§ **Data to examine**
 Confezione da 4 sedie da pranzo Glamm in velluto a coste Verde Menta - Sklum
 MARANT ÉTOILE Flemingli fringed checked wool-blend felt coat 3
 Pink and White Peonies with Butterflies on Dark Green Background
...
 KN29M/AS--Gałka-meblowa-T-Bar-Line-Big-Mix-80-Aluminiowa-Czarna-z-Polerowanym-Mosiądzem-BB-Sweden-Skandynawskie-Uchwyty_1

§ **Aim of the task**
The range runs from the line with "MARANT ÉTOILE Flemingli" up to and including the line with "Pink and White" in the listing above; please write out exactly those lines and nothing more.

§ **Result below**
 MARANT ÉTOILE Flemingli fringed checked wool-blend felt coat 3
 Pink and White Peonies with Butterflies on Dark Green Background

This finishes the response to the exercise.